--- TO DO ---
Report how many lines of the material below contain the string "Custom". The reply is that number and no more.

--- RECORDS SUPPLIED ---
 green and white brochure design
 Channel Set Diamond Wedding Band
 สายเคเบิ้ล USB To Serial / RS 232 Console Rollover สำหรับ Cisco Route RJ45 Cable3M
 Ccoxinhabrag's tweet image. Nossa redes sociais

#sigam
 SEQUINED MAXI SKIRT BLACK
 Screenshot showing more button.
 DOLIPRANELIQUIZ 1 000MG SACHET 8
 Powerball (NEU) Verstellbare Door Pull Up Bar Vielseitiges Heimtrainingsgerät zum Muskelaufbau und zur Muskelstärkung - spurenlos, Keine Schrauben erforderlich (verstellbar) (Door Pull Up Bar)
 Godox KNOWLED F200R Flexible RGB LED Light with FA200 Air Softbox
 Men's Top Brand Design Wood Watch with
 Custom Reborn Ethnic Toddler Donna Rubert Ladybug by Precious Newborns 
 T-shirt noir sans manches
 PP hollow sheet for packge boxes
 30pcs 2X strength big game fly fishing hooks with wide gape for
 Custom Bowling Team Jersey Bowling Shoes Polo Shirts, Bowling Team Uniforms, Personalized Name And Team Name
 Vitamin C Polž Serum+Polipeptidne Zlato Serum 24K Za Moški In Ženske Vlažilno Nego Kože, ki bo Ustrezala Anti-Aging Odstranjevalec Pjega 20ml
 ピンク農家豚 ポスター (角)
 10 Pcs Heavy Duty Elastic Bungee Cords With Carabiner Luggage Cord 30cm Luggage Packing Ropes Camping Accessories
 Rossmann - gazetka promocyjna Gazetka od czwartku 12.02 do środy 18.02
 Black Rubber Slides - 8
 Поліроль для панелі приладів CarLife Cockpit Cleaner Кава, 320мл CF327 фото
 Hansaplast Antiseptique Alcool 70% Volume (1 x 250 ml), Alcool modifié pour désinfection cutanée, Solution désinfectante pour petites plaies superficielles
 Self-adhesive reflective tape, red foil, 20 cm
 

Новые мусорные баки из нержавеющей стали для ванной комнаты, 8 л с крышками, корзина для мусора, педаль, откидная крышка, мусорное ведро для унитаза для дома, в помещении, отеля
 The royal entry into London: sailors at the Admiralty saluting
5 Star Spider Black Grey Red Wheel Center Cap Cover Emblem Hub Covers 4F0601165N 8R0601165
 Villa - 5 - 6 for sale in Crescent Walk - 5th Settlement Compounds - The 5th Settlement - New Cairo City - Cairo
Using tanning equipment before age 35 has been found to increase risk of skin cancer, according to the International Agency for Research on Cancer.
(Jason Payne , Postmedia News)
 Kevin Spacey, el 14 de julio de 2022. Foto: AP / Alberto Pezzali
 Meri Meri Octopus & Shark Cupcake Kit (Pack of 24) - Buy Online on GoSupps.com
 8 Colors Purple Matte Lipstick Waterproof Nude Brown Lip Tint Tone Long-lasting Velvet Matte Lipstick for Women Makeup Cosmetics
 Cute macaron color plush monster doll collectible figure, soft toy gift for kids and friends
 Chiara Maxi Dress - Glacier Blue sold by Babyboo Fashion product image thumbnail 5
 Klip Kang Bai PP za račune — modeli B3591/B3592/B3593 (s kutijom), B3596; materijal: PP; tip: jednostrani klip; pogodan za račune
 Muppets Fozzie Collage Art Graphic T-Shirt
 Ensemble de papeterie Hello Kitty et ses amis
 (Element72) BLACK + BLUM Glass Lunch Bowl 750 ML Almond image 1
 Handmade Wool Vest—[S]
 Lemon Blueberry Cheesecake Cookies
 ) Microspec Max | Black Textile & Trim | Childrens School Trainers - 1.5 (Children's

--- TASK SOLUTION ---
2